■ SUPPLIED MATERIAL ■
----------------------------------------

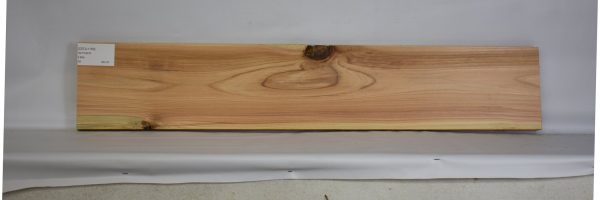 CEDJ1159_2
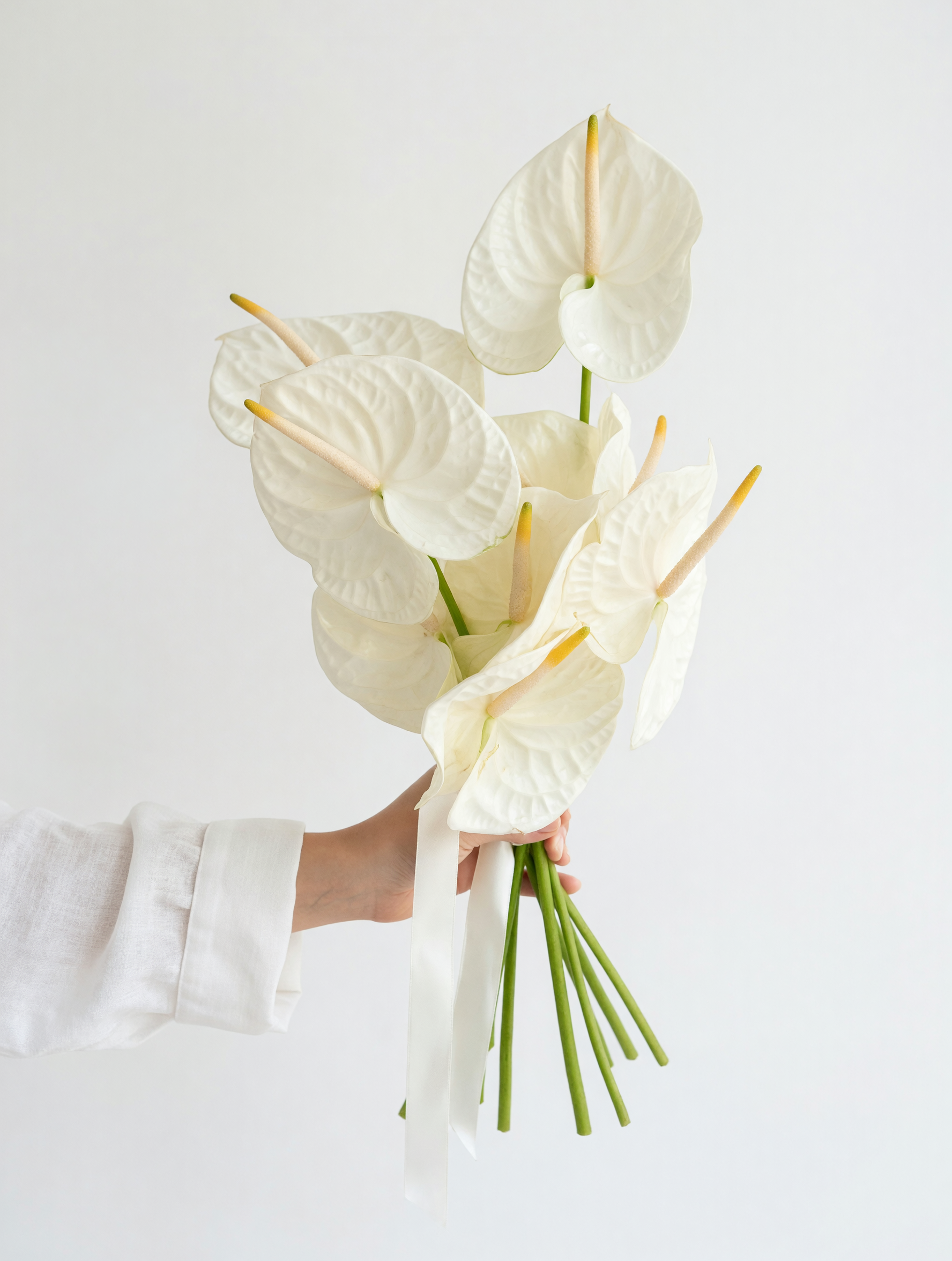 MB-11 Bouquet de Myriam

----------------------------------------

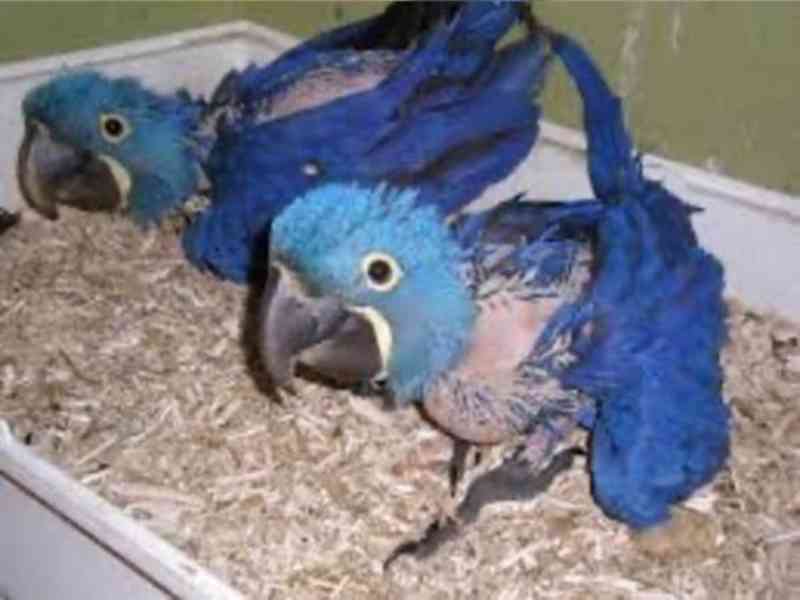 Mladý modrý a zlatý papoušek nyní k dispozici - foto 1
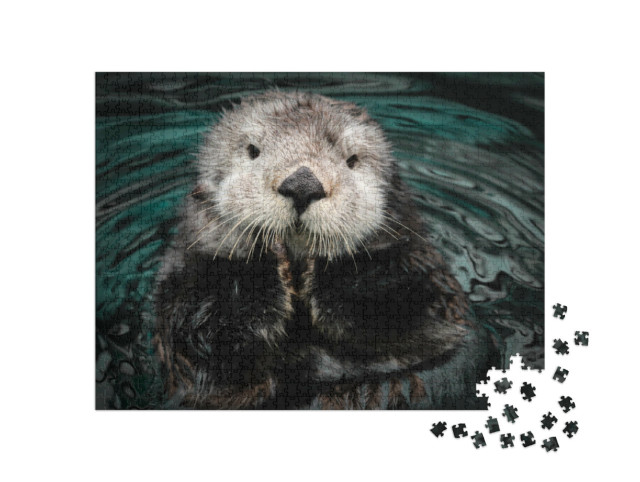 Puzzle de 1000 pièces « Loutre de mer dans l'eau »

----------------------------------------

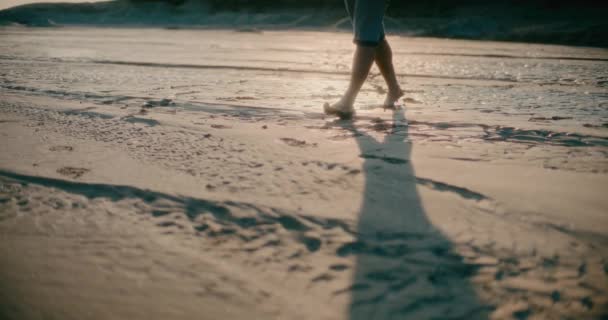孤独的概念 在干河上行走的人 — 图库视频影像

----------------------------------------

■ YOUR TASK ■
The answer is the lines of the material above, from the one containing "Mladý modrý a" down to the one containing "Puzzle de 1000", given exactly and without images.

■ SOLUTION ■
 Mladý modrý a zlatý papoušek nyní k dispozici - foto 1
 Puzzle de 1000 pièces « Loutre de mer dans l'eau »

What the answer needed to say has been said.